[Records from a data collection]
BEGIN

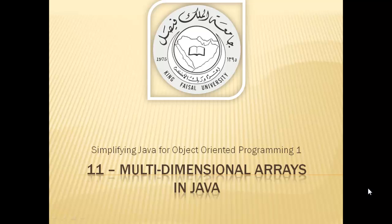Assalamualaikum! Welcome to this video tutorial on simplifying Java for OOP1 students of King Faisal University and for others who want to learn Java. This is part 11 in this series and is entitled Multidimensional Arrays in Java.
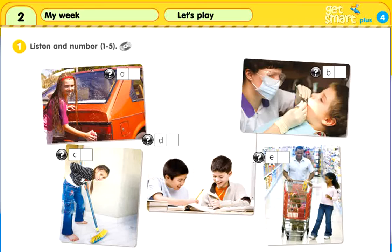1. What do you have to do after school? I have to go to the dentist. My tooth hurts.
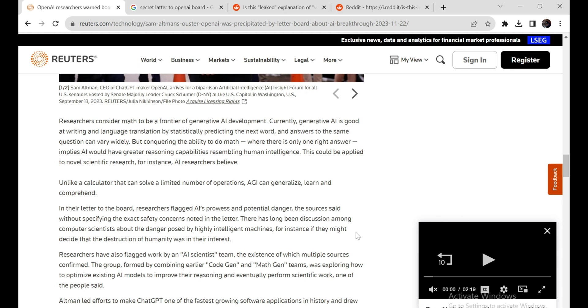Should we be excited, concerned, or both? And what questions do you still have? By facing the realities of accelerating technology directly yet responsibly, we can realize the monumental benefits while addressing risks proactively. With insight and wisdom, humanity's future looks bright.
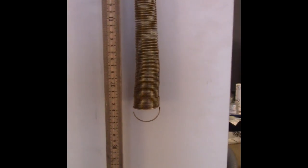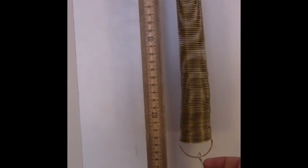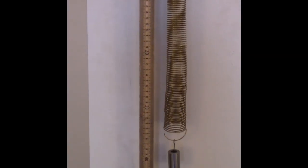and to do that we hang different masses from it and measure how far it stretches. So that's 100 grams, and you can see it stretches a certain distance.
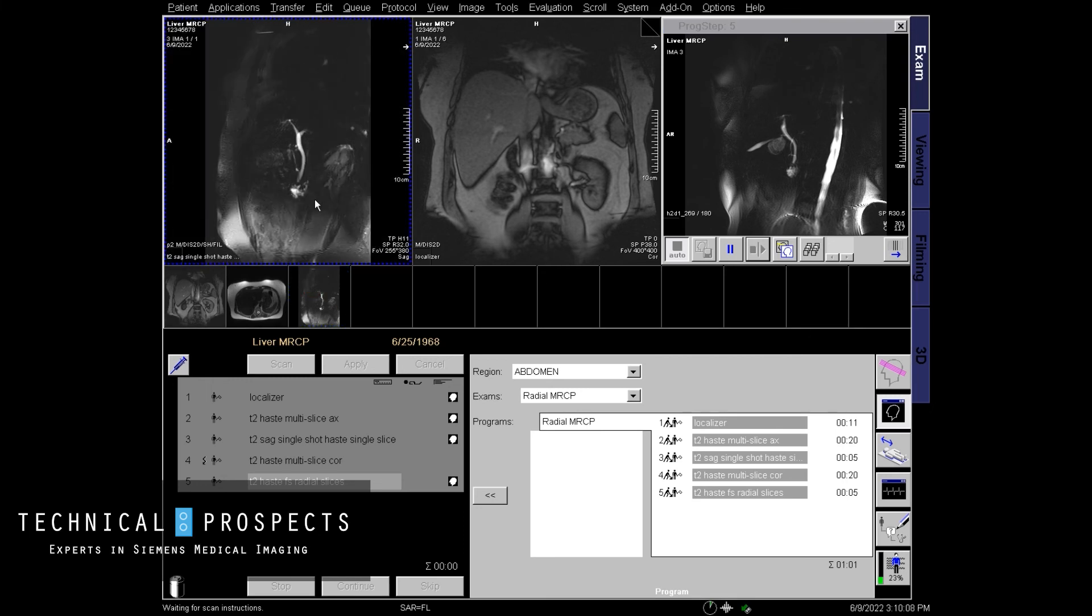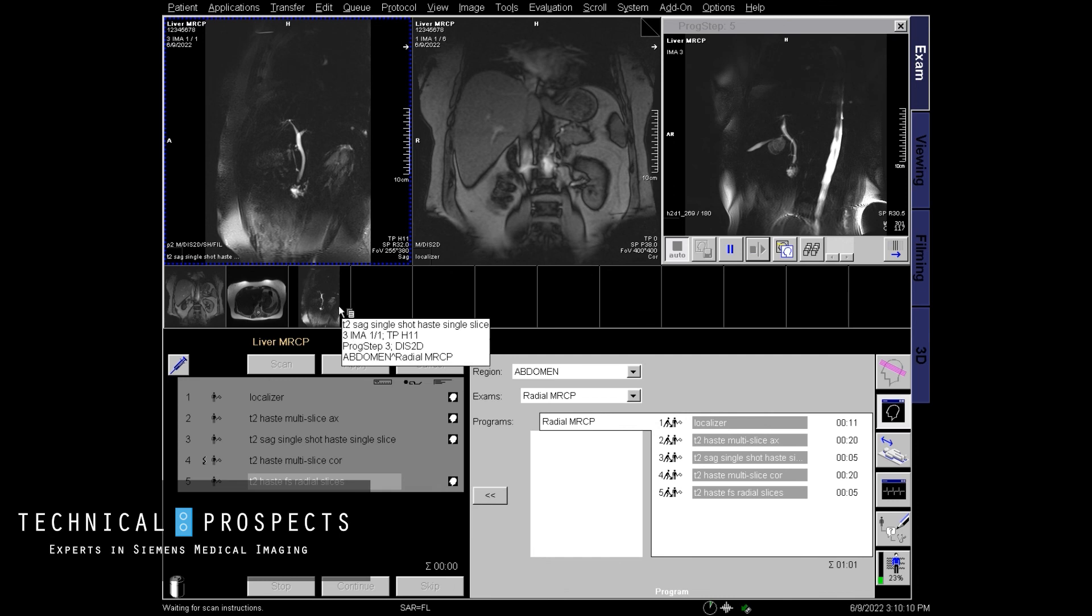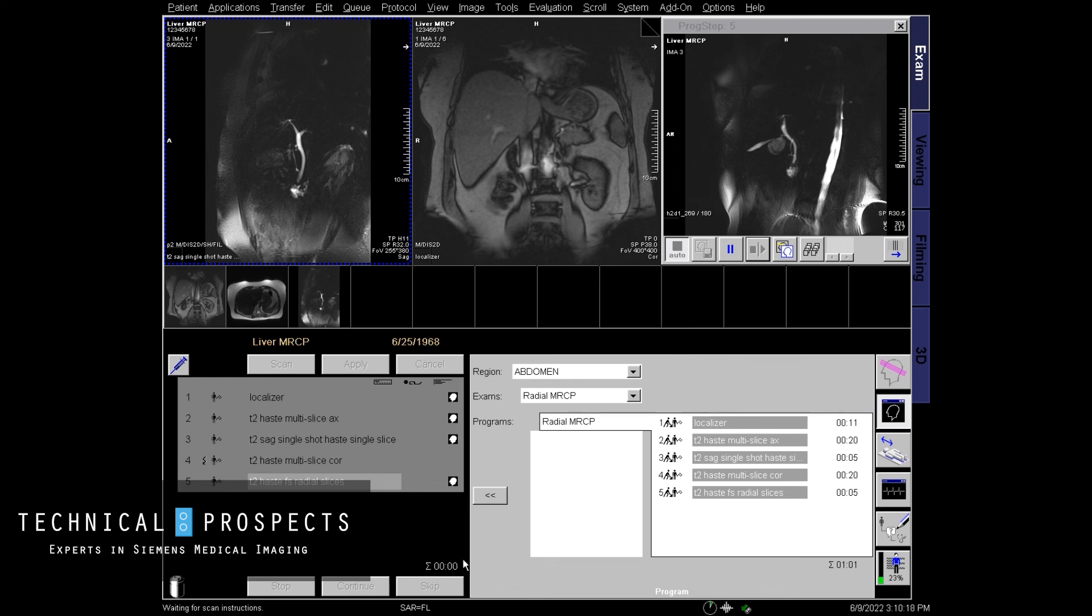And here are our radial slices going around in a complete 360 degrees, five slices.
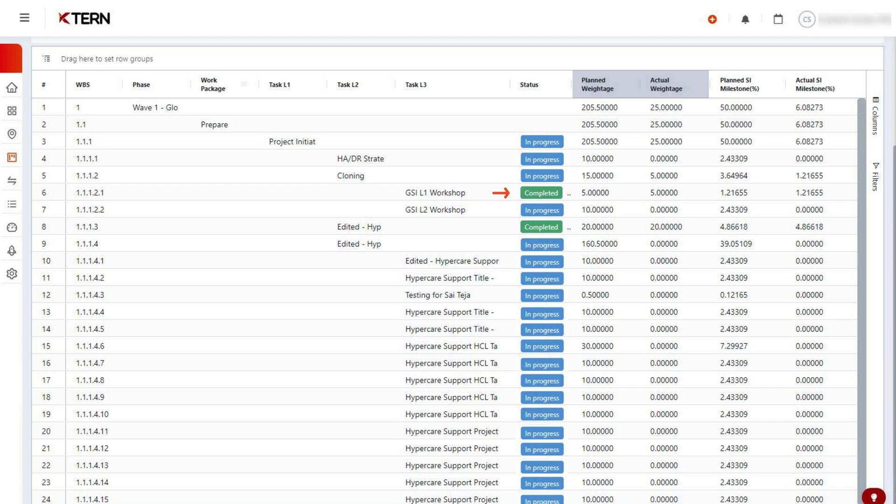When the status of a subtask is turned to complete or approved, the planned weightage will be reflected in the actual weightage, which will roll up to its parent task's actual weightage.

END

*Task directions:*
Give back the lines from the one containing "And here are" through the last line of the records above exactly as they appear, both included, and no pictures.

*Your response:*
And here are our radial slices going around in a complete 360 degrees, five slices.
When the status of a subtask is turned to complete or approved, the planned weightage will be reflected in the actual weightage, which will roll up to its parent task's actual weightage.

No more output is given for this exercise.